Aim of the task
Each line in the material below must be transcribed exactly; no picture belongs in the copy.

[[ Data, beginning ]]

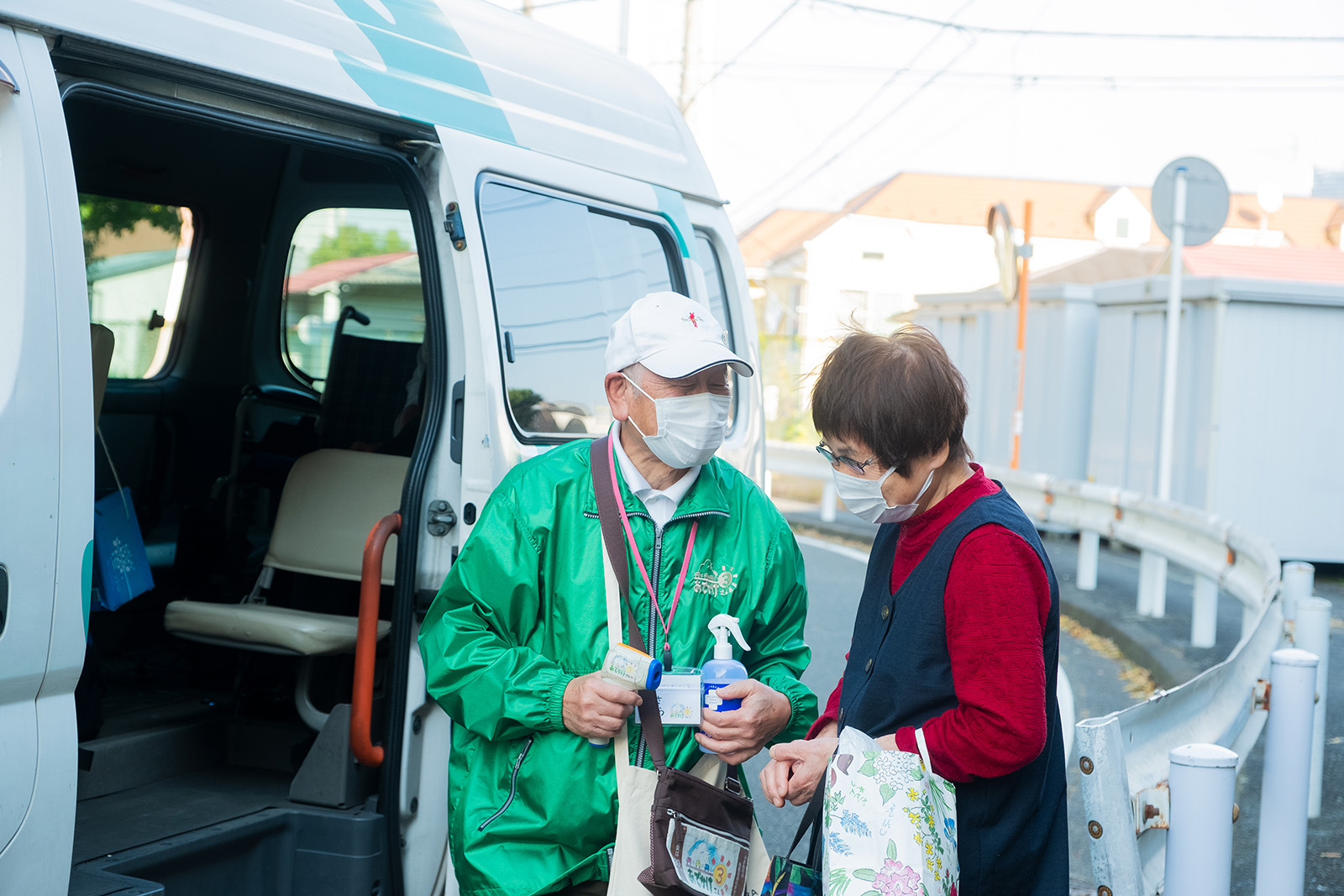 乗車の際は検温、消毒にご協力ください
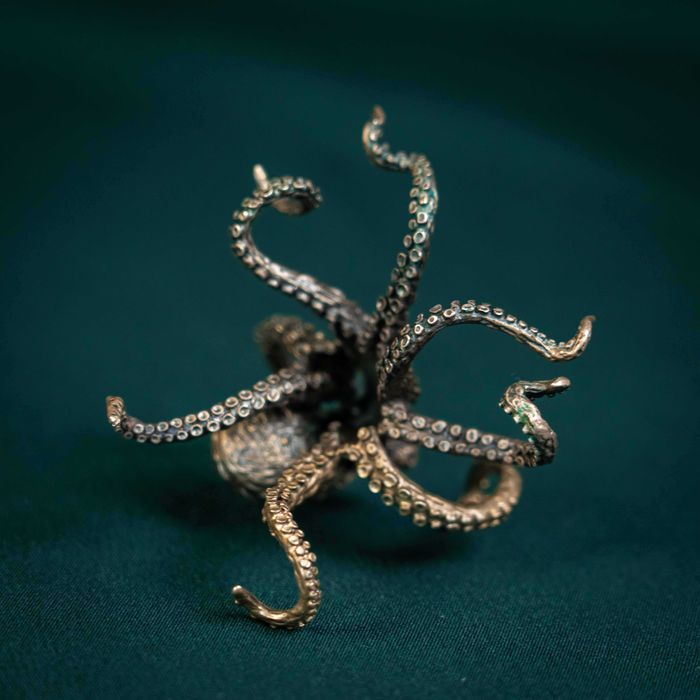 Серебряная статуэтка осьминога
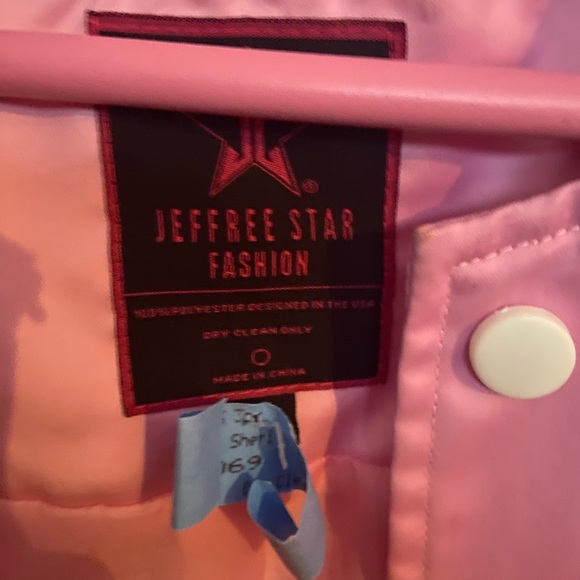Jeffree star pink members only jacket just dry cleaned perfect condition. - Picture 3 of 9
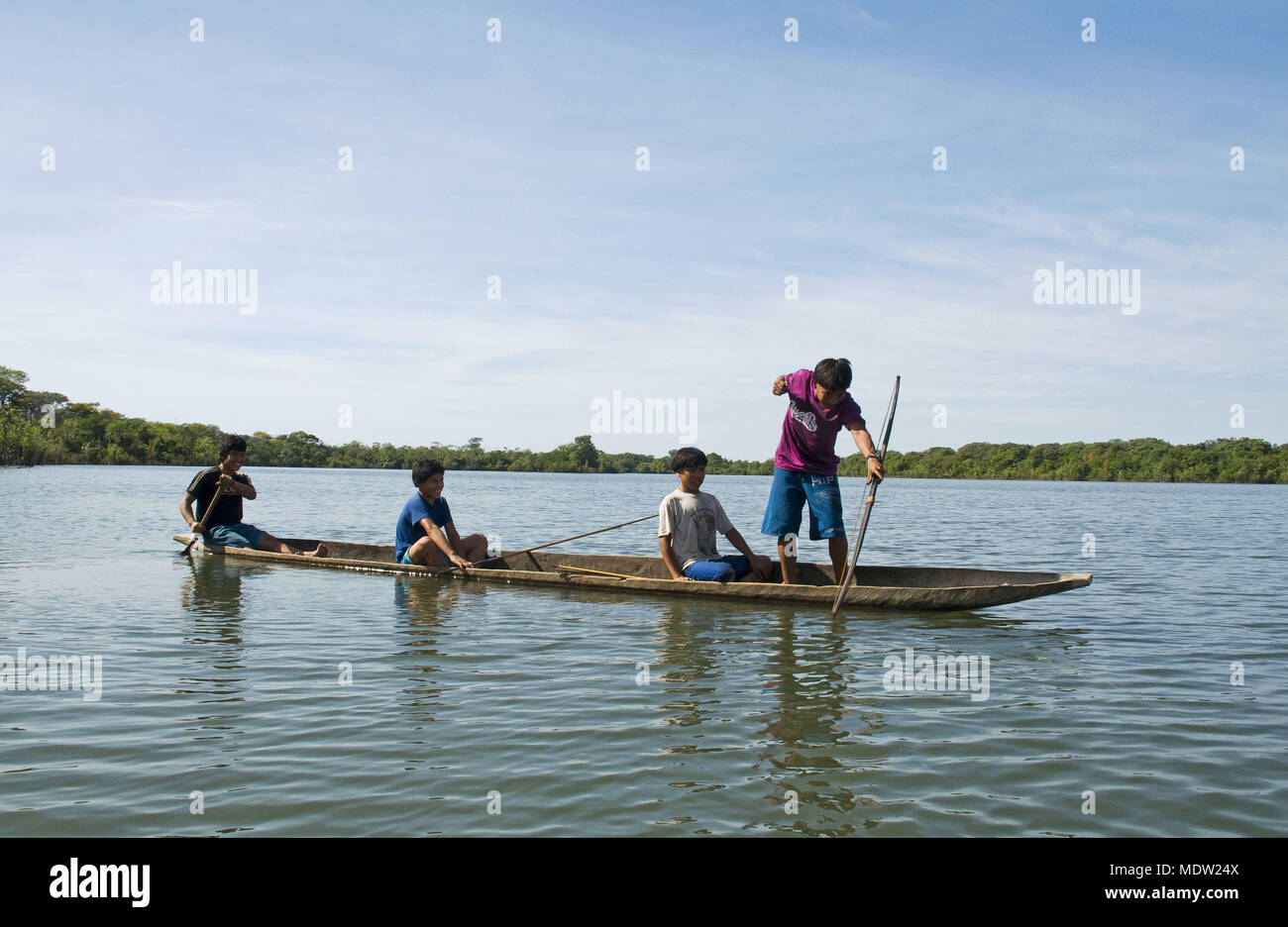 Kalapalo de la pêche sur le lac indien avec Kusse - tir à l'AIHA Village - Parc du Xingu indigènes Banque D'Images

[[ Data, end ]]

Reply to the exercise
 乗車の際は検温、消毒にご協力ください
 Серебряная статуэтка осьминога
Jeffree star pink members only jacket just dry cleaned perfect condition. - Picture 3 of 9
 Kalapalo de la pêche sur le lac indien avec Kusse - tir à l'AIHA Village - Parc du Xingu indigènes Banque D'Images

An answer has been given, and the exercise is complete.